IANS | 17 Apr, 2017
An anonymous hacking
group "Shadow Brokers" that leaked online a collection of powerful
hacking tools allegedly used by the US National Security Agency (NSA) has also
published another set of documents that indicate that NSA penetrated the SWIFT
banking network in the Middle East.
The Society for Worldwide Interbank Financial Telecommunication (SWIFT) provides
a network that enables financial institutions worldwide to send and receive
information about financial transactions in a secure, standardised and reliable
environment.
"This reportedly gave the US spy service a window into the financial
activities of a range of organisations, including those belonging to firms in
Qatar, Dubai, Abu Dhabi, Syria, Yemen and the Palestinian territories,"
said a report in The Wired on Saturday.
Meanwhile, EastNets Service Bureau, that provides outsourced SWIFT connectivity,
on Saturday denied that its bureau was compromised and said that the reports of
hack are "totally false and unfounded".
"The reports of an alleged hacker-compromised EastNets Service Bureau
(ENSB) network is totally false and unfounded. The EastNets Network internal
Security Unit has run a complete check of its servers and found no hacker
compromise or any vulnerabilities," the bureau said in a statement.
"The EastNets Service Bureau runs on a separate secure network that cannot
be accessed over the public networks. The photos shown on twitter, claiming
compromised information, is about pages that are outdated and obsolete,
generated on a low-level internal server that is retired since 2013," the
statement added.
EastNets is a Dubai-based firm that oversees payments in the global SWIFT
transaction system for dozens of client banks and other firms, particularly in
the Middle East.
The "Shadow Brokers" is a group of anonymous hackers that published
hacking tools used by the NSA last year.
According to experts, the leaks, published by the Shadow Brokers, target a
variety of Windows servers and Windows operating systems, including Windows 7
and Windows 8, CNN reported.
"They may have been used to target a global banking system. One collection
of 15 exploits contains at least four Windows hacks that researches have
already been able to replicate," the experts were quoted as saying.
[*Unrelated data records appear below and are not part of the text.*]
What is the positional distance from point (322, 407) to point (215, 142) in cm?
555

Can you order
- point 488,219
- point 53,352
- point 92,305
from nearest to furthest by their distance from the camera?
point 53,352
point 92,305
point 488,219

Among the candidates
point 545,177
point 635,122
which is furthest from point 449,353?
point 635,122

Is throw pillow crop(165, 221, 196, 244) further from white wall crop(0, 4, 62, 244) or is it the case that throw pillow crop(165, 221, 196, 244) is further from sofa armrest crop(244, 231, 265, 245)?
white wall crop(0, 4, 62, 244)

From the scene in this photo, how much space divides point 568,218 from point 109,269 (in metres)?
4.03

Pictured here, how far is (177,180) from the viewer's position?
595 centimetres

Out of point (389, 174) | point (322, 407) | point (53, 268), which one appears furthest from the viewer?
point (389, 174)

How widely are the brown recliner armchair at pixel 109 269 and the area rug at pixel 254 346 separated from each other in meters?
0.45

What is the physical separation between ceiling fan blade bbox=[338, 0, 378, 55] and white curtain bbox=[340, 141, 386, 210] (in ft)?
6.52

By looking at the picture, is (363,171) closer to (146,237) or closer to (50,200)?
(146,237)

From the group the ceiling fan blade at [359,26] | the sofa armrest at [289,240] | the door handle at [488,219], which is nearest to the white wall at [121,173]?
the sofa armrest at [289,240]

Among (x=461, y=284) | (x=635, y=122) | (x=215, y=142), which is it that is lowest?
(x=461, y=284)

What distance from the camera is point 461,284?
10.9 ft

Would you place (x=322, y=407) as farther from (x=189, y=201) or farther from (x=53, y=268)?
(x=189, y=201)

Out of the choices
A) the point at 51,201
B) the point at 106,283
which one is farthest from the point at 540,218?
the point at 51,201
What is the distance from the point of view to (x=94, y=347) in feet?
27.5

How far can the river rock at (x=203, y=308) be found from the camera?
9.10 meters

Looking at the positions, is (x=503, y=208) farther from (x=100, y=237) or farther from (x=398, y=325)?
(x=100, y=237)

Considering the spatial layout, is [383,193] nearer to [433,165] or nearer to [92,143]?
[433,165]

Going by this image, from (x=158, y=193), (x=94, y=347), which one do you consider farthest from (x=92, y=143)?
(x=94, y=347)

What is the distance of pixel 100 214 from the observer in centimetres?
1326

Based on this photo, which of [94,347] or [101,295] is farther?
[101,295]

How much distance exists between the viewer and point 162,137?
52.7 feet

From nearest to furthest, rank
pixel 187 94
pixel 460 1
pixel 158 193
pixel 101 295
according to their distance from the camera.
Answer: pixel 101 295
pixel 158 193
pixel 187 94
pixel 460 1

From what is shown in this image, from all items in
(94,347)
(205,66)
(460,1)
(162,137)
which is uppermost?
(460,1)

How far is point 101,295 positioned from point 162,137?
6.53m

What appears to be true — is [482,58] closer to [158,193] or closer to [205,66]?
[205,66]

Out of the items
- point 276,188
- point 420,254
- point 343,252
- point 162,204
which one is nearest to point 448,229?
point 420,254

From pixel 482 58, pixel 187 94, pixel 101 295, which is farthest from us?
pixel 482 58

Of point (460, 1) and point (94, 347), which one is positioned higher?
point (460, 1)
"This is quite possibly the most damaging thing I've seen in the last
several years," said Matthew Hickey, founder of security firm Hacker
House.
"This puts a powerful nation state-level attack tool in the hands of
anyone who wants to download it to start targeting servers."
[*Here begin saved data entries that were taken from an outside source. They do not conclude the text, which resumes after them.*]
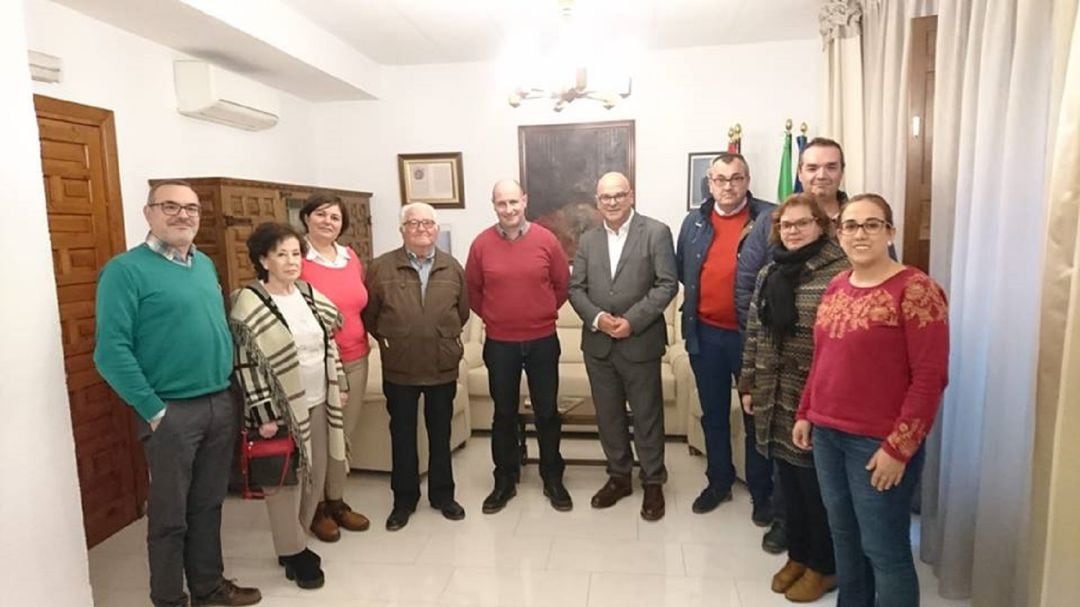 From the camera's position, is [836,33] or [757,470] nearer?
[757,470]

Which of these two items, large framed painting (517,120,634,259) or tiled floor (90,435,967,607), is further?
large framed painting (517,120,634,259)

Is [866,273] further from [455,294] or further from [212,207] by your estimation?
[212,207]

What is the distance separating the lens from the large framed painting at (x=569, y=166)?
4559 millimetres

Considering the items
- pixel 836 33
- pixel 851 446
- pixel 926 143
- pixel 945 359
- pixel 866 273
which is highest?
pixel 836 33

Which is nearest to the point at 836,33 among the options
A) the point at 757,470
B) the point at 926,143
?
the point at 926,143

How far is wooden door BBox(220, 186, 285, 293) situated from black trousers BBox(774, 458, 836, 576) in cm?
262

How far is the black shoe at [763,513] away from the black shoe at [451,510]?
1.29m

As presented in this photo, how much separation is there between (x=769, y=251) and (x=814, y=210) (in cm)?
35

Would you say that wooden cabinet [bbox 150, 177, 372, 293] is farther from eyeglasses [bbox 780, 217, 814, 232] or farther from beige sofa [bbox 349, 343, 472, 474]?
eyeglasses [bbox 780, 217, 814, 232]

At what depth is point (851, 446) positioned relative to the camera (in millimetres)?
1768

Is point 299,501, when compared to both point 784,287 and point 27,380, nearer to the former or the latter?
point 27,380

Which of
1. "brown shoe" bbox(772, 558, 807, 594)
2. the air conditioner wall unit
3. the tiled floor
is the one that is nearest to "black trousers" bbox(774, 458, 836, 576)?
"brown shoe" bbox(772, 558, 807, 594)

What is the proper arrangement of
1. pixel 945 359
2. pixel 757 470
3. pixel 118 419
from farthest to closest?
pixel 118 419 → pixel 757 470 → pixel 945 359

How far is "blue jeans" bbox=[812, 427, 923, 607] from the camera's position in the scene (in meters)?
1.73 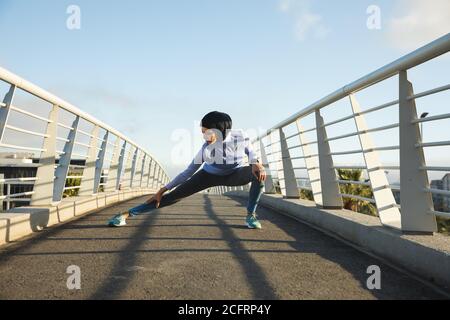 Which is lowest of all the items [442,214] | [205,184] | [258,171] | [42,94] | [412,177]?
[442,214]

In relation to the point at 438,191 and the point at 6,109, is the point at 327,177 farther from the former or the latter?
the point at 6,109

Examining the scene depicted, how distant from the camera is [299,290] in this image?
10.6ft

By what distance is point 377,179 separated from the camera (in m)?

Shadow Brokers did not provide a coherent explanation of why they chose to
publish the Microsoft and SWIFT vulnerabilities.
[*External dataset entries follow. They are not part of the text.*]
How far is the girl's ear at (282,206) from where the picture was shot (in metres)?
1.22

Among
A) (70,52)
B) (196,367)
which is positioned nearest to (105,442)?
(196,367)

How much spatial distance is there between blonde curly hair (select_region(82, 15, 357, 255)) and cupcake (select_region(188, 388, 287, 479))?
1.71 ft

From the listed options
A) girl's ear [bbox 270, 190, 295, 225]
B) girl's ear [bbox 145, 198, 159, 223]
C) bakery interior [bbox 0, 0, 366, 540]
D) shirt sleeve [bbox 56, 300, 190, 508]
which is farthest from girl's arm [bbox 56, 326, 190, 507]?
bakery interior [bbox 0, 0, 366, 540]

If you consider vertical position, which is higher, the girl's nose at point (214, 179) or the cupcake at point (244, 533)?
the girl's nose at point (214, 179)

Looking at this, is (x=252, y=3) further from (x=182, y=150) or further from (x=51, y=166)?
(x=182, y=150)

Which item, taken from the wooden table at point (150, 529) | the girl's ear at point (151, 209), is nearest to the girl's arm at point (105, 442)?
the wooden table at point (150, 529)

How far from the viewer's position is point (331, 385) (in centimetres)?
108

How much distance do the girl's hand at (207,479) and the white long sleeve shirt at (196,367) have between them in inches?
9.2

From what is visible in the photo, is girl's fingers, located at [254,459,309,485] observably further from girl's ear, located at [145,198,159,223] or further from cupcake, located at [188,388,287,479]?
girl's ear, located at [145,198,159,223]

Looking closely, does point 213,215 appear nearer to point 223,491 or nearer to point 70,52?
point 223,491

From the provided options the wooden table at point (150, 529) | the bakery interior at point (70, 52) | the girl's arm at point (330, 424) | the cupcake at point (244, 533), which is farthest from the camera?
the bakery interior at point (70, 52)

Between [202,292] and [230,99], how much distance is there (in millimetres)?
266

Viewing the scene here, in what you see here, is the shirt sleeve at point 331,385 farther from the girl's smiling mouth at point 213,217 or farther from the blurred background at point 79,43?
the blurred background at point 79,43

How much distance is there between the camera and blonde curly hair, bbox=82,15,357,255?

According to another report in Fortune, the group -- believed to be tied to the
Russian government -- also released a set of confidential hacking tools used by
US intelligence organisation the NSA to exploit software vulnerabilities in
Microsoft Windows software.
The document dump -- which is mostly lines of computer code -- amounts to an
emergency for Microsoft because the hacks consist of a variety of
"zero-day exploits" that can serve to infiltrate Windows machines for
purposes of espionage, vandalism, or document theft.
A security executive who runs the Twitter account @HackerFantastic called the
development a "Microsoft apocalypse."
Other well-known figures in the security community also underscored the
severity of the event for Microsoft.